Fuel prices across Europe have soared past €2 per litre in multiple countries. Spain saw the steepest diesel increase-34.3%-prompting Madrid to launch the region’s most aggressive response: a €5 billion emergency package.
Spain slashed VAT on all energy-including petrol, diesel, electricity, and gas-from 21% to 10%, cutting pump prices by about 30 cents per litre. Vulnerable sectors like hauliers and farmers receive an extra 20-cent rebate. The government also released 11.5 million barrels from strategic reserves.
Germany, where petrol hit €2.16 per litre, proposed limiting price changes at pumps to once daily. Italy plans to claw back excess corporate profits and redirect VAT windfalls to consumers. Portugal cut diesel taxes by €0.0355 per litre after crossing a pre-set price threshold.

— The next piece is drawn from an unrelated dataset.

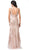 Dancing Queen - 2515 Deep V-Neck Beaded Trumpet Gown Special Occasion Dress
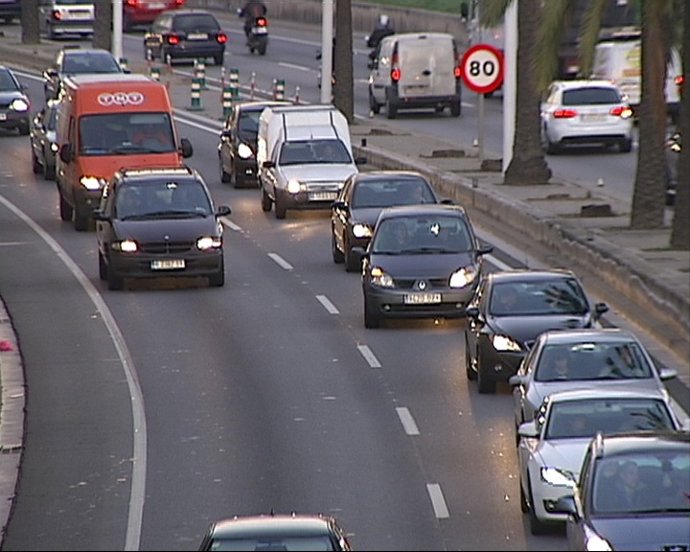 Retenciones en las carreteras de Barcelona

France offered no direct subsidies; instead, TotalEnergies capped retail fuel prices temporarily, while President Macron pushed EU-wide protections for energy infrastructure. Poland avoided intervention, citing market stability concerns. Austria now allows fuel price hikes only three times weekly, and Hungary imposed strict caps-but only for domestic-plate vehicles.
EU Energy Commissioner Dan Jørgensen signaled readiness to activate emergency protocols if prices worsen, while quietly lowering gas storage targets to 80% to calm markets.
The crisis hinges on how long the Strait of Hormuz remains constricted-and whether the conflict escalates further.